→ EXERCISE DETAILS:
Transcribe the data exactly, omitting whatever pictures it holds.

→ AVAILABLE DATA:
▼

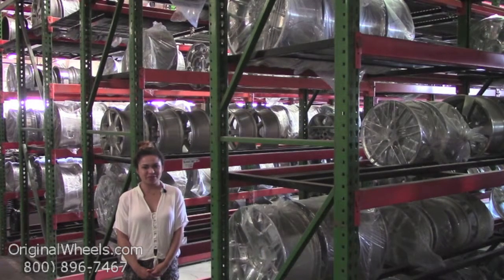Hey everyone, it's Veronica from OriginalWheels.com, and obviously, since you're watching this video, you are in search of factory original Honda Fit wheels.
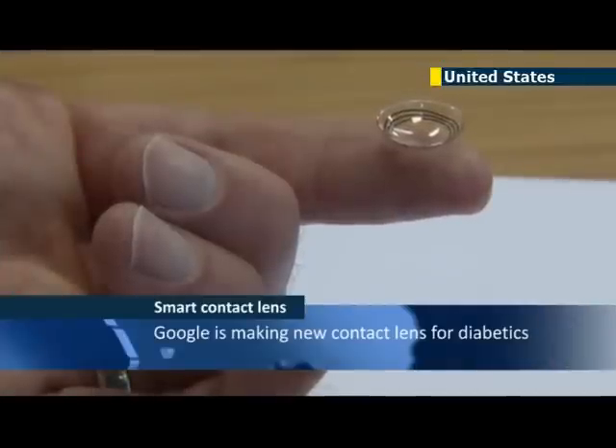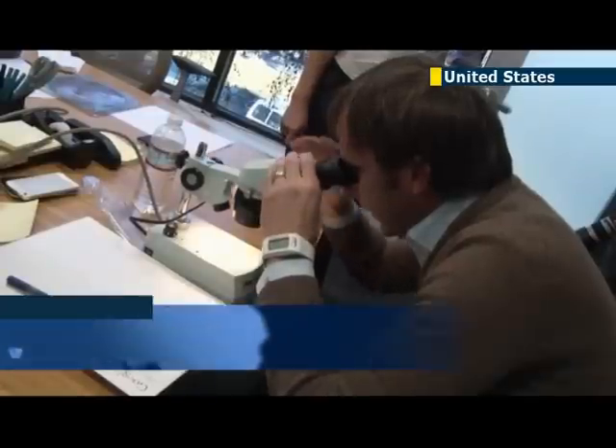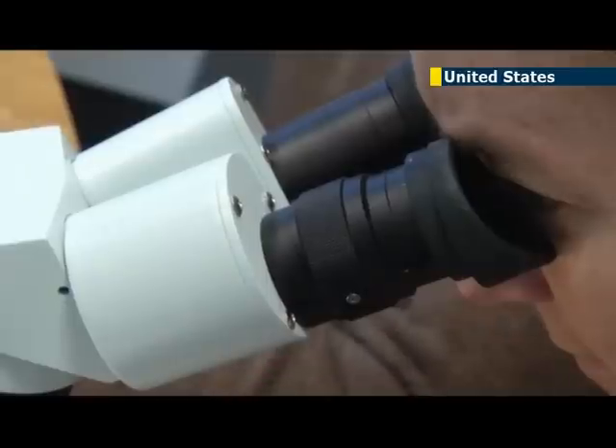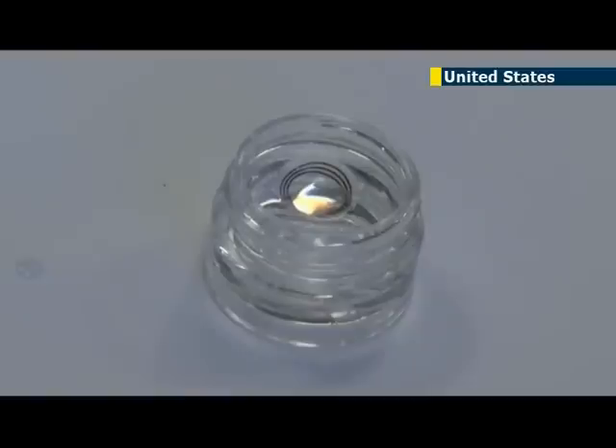A new contact lens by Google could potentially make the lives of diabetics easier by monitoring glucose levels in tears and transmitting them to handheld devices. The newly unveiled lens could reprieve millions of people with diabetes from pricking their finger several times a day to draw blood to keep a close watch on their blood sugar and adjust their dose of insulin.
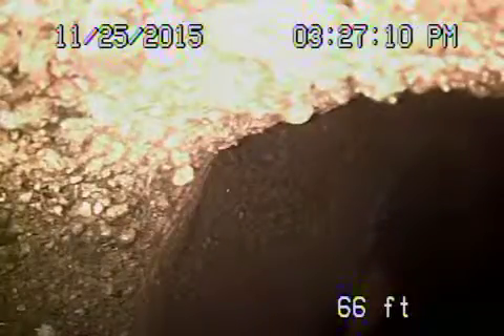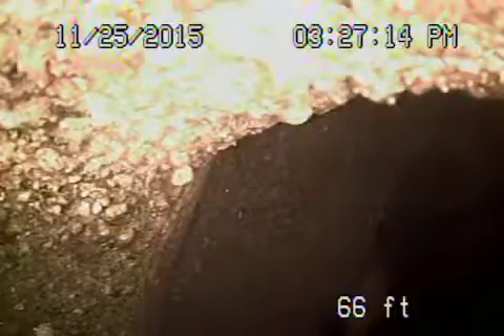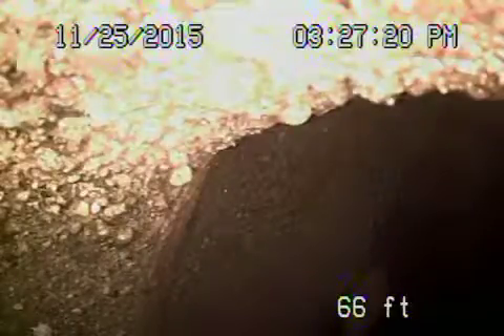This is 4405 Edenhurst Avenue, video number two from the cleanup that's in the front. We're all the way at the city sewer right now. We're going to bring the camera back. This is out in the middle of the street.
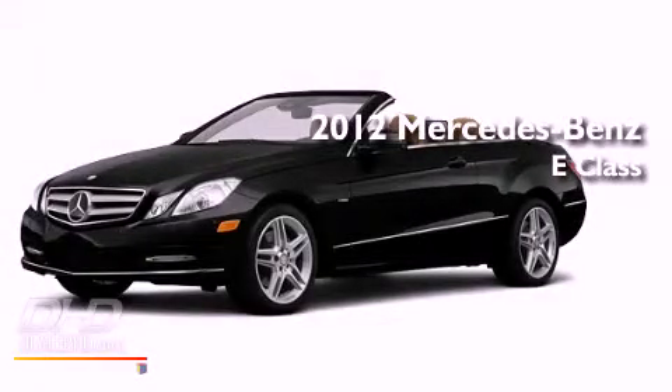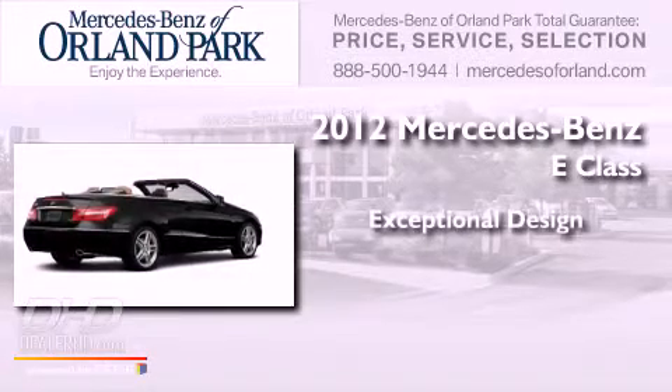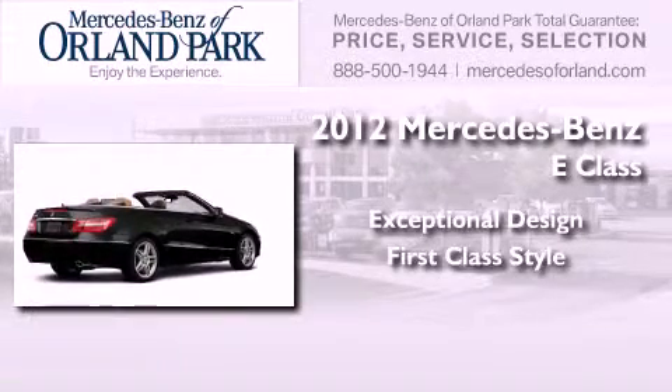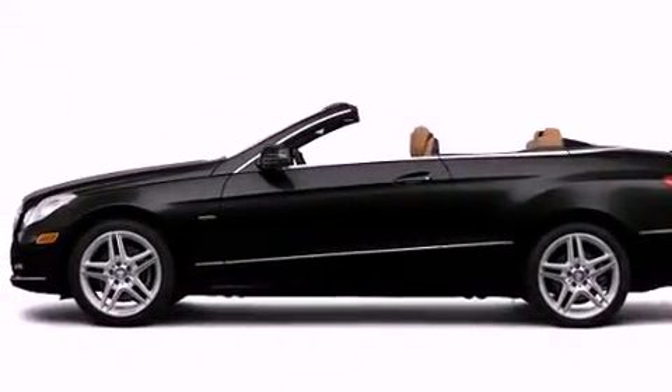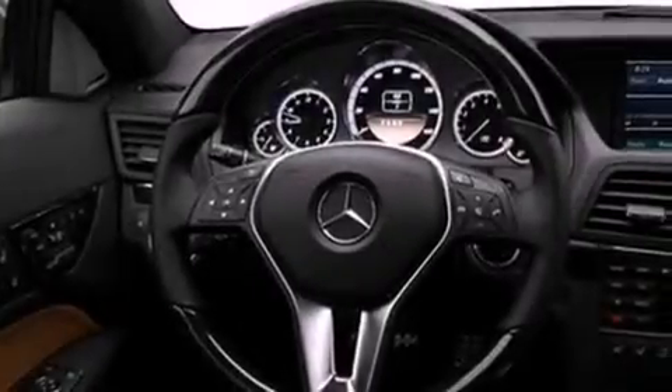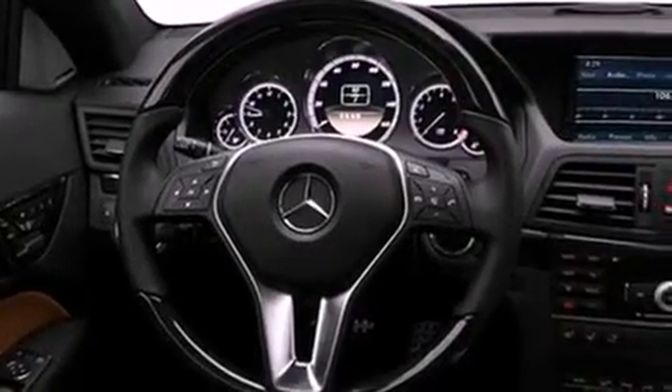This is a brand new 2012 Mercedes-Benz E-Class. Its top features include a speed-sensitive volume control system and much more.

▲

→ TASK SOLUTION:
Hey everyone, it's Veronica from OriginalWheels.com, and obviously, since you're watching this video, you are in search of factory original Honda Fit wheels.
A new contact lens by Google could potentially make the lives of diabetics easier by monitoring glucose levels in tears and transmitting them to handheld devices. The newly unveiled lens could reprieve millions of people with diabetes from pricking their finger several times a day to draw blood to keep a close watch on their blood sugar and adjust their dose of insulin.
This is 4405 Edenhurst Avenue, video number two from the cleanup that's in the front. We're all the way at the city sewer right now. We're going to bring the camera back. This is out in the middle of the street.
This is a brand new 2012 Mercedes-Benz E-Class. Its top features include a speed-sensitive volume control system and much more.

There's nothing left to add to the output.